What is PMI and how much does it cost?

PMI protects the lender in the event you default on your loan.  The cost is most often added to your monthly payment if you’re taking a conventional loan, while loans offered through the Department of Veterans Affairs, the U.S. Department of Agriculture and the Federal Housing Administration handle PMI differently.

The less you put down, the higher the mortgage insurance is.  With say, 5 percent down, your PMI is quite high.  The total cost of PMI depends on your credit score, and is calculated in terms of risk in tandem with the size of your down payment.  For each $100,000 borrowed, PMI typically runs between $30 and $70 per month.  If you’re buying a home worth $500,000, with say, 10 percent down, with a 30-year-fixed rate at 4.25 percent, you could expect to pay up to $200 per month in private mortgage insurance.

You have options.  If you need to pay PMI, the size loan you can get will be slightly smaller, to allow for the bigger payment.  If you get a conventional mortgage, you can get an appraisal and write to your lender and ask to have the PMI removed once you have more than 20 percent equity in the house.  FHA loans, on the other hand, have PMI attached for the life of the loan.

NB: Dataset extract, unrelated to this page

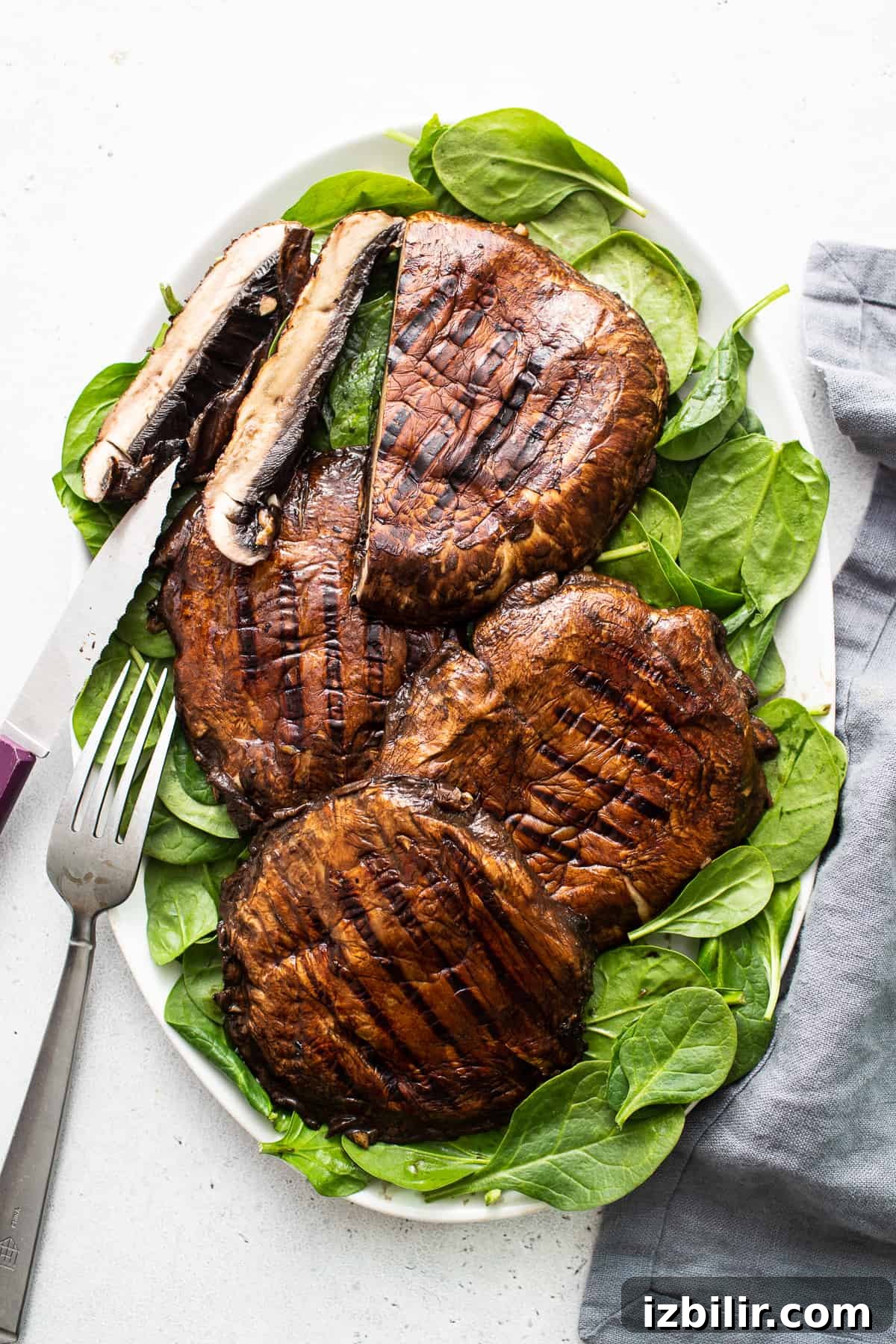 Grilled portobello mushrooms on a plate. Grilled portobello mushrooms on a plate.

So how much should you put down? 

Depends on your personal circumstance.  You’ll want to make sure you have enough on hand for closing and upfront costs, such as a years worth of taxes and insurance.  We suggest speaking with a mortgage broker who can examine your current situation and make a plan that’s in line with your goals.  A good mortgage broker can help you weigh your options and help you decide how large of a down payment you’ll need.

There are a few popular programs you can get with a low down payment, which may be particularly appealing to first-time home buyers.

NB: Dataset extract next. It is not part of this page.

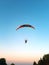 A hang-glider with a motor flies against a blue sky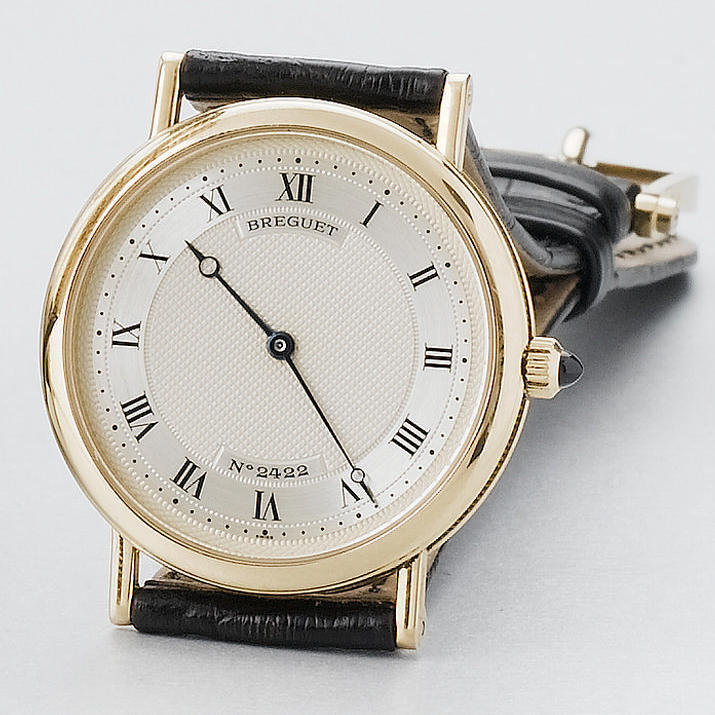 Breguet. A gold self-winding wristwatch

Conventional mortgage: Fannie Mae and Freddie Mac can back loans with as little as 3 percent down.   To qualify for this type of loan, you’ll need good credit.  If your credit isn’t in good shape right now, talk with a broker than can put you on a good trajectory to start the repair process.

Federal Housing Administration loan: This can be more expensive than a conventional loan, but the FHA has backed loans with as little down as 3.5 percent.  They’re also more willing to back loans with buyers who have lower credit scores and thinner credit records.  PMI will certainly be factored into this, making the size of the loan you’ll be able to afford a bit smaller due to the monthly payment.

U.S. Department of Veteran Affairs: If you served in the military, you can get a loan backed by the VA with no down payment at all.  You’ll have loan origination or funding fees but those can be financed in.  This is a really good program, though you’ll still need to qualify based on credit and income.  The interest rate is low, there’s no PMI and you may find some extra perks along the way.